Plaintiff, decedent's wife and the named beneficiary on the insurance policy, commenced this action, alleging that AI Life owed an additional $19,845 based upon the original policy and the annual decreasing payment schedule that plaintiff had in her possession. After issue was joined, plaintiff and AI Life moved for summary judgment, since the facts as recited were undisputed. The bank did not appear in support of or in opposition to either motion. Supreme Court granted summary judgment to plaintiff, holding that AI Life was bound by the principles of equitable estoppel to pay the death benefit according to the terms of the annual decreasing term policy because it had prepared and sent an erroneous face sheet to decedent; had failed to secure the return of the original incorrect policy; the face sheet in decedent's possession at the time of his death indicated a form number of 5387, the form used for an annual decreasing term policy, and not form 5829, the form for the monthly decreasing term policy; and the payment schedule held by decedent was that of the annual decreasing policy.
We disagree with the determination of Supreme Court and therefore reverse its order and the judgment entered thereon. In the first place, equitable estoppel was not pleaded or urged in support of plaintiff's motion for summary judgment, which it must be with particularity if that theory is relied on (see, Walsh v Prudential Ins. Co., 101 AD2d 988, 989, affd 64 NY2d 1053; Glenesk v Guidance Realty Corp., 36 AD2d 852).

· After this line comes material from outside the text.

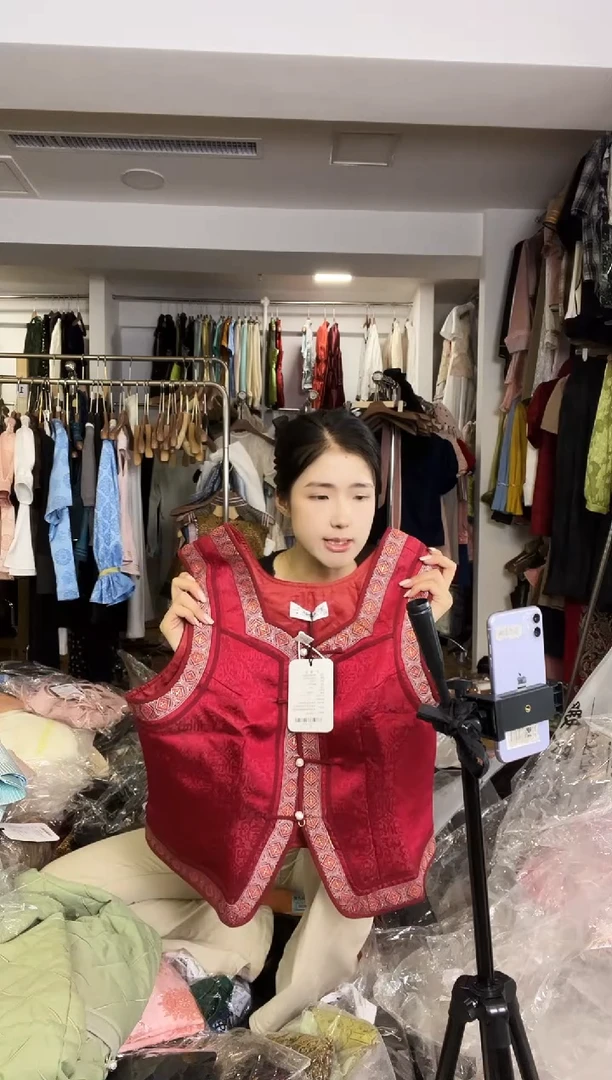 马甲   4X    135斤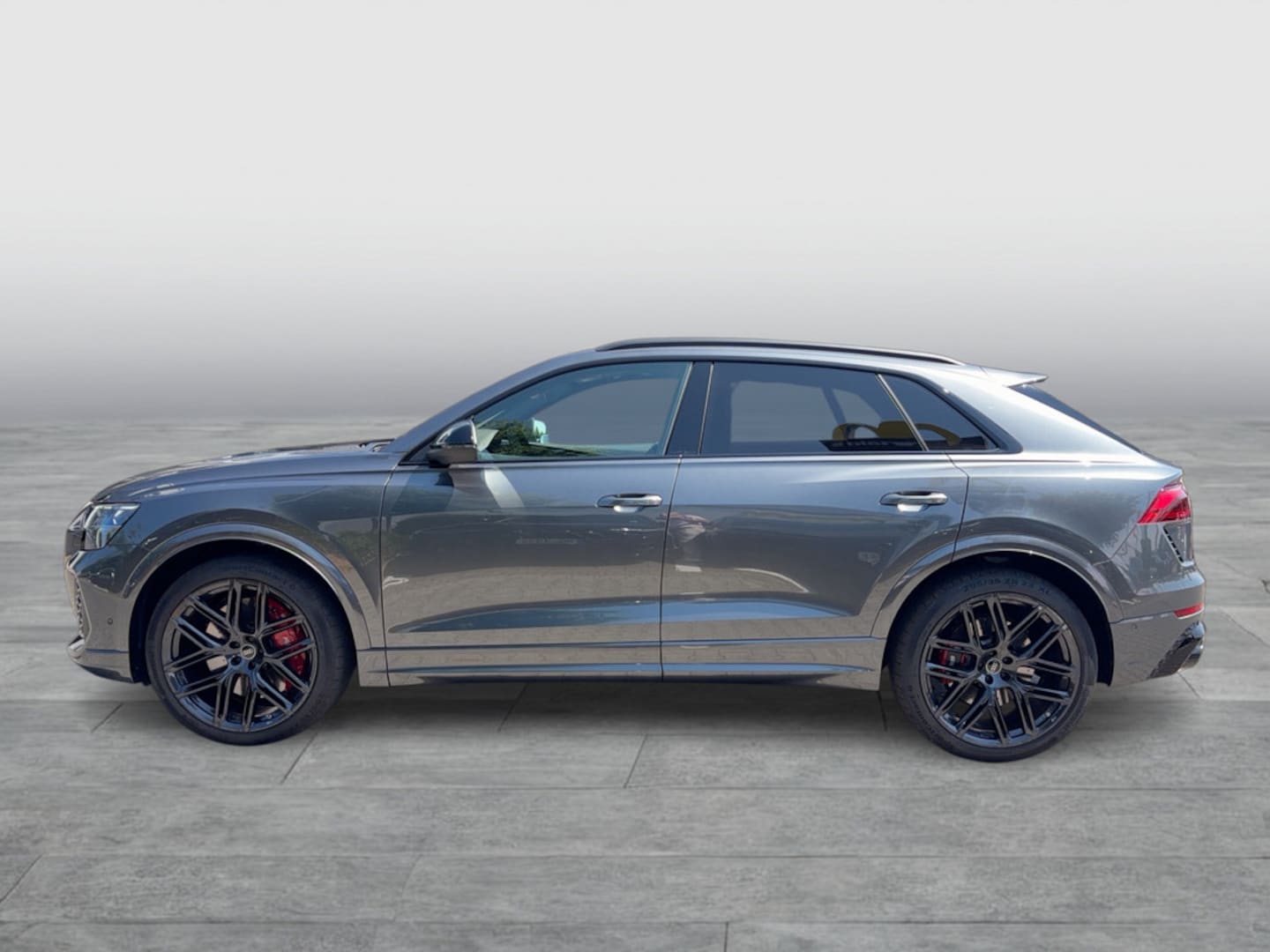 Bild über Audi RS Q8 SUV TFSI quattro 441 kW tiptronic - für weitere Informationen kontaktieren Sie den Audi Partner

Furthermore, on the undisputed facts, neither AI Life nor its broker ever misrepresented any material facts on which decedent relied to his prejudice. Originally, all that decedent sought was a policy that would satisfy the security required by the bank so that his Small Business Administration loan could be provided. When he inquired of Lofgren what that would cost, he was told that the annual premium for a 15-year decreasing term life policy in the required amount would be $478.80. When the original policy was forwarded, decedent was specifically informed that the annual premium would be $558.60 and that this increase was the difference between the premiums for the two different coverages. The original quoted premium of $478.80 would provide only monthly decreasing coverage and not annual decreasing coverage. Having been so informed, decedent insisted on paying the lesser annual premium of $478.80 and demanded that the original policy be corrected and a new policy issued. The new policy that was issued under number 7710563 was a monthly decreasing term policy with an annual premium of $478.80. This policy was sent to the bank on decedent's behalf and in accordance with the collateral assignment that he had executed. If decedent had reviewed the policy sent to the bank on his behalf, he would have known the type and amount of coverage that he had. Having neglected to do so, he and his beneficiary are bound by what such inspection would have revealed. From the beginning he knew that an annual decreasing term policy would cost him more than a monthly decreasing term policy, yet he insisted that the policy with the lesser premium be substituted for the original more expensive one. Until his death, he paid only the lesser annual premium of $478.80. At no time was he ever promised by AI Life or its agent that he would receive the higher coverage for the lesser premium. Plaintiff has been paid in full according to the terms of the monthly decreasing term policy purchased by decedent at the lesser annual premium.
Order and judgment reversed, on the law, with costs, motion denied, cross motion granted and complaint dismissed against defendant American International Life Assurance Company of New York. Mahoney, P. J., Kane, Casey, Weiss and Levine, JJ., concur. [See, 137 Misc 2d 340.]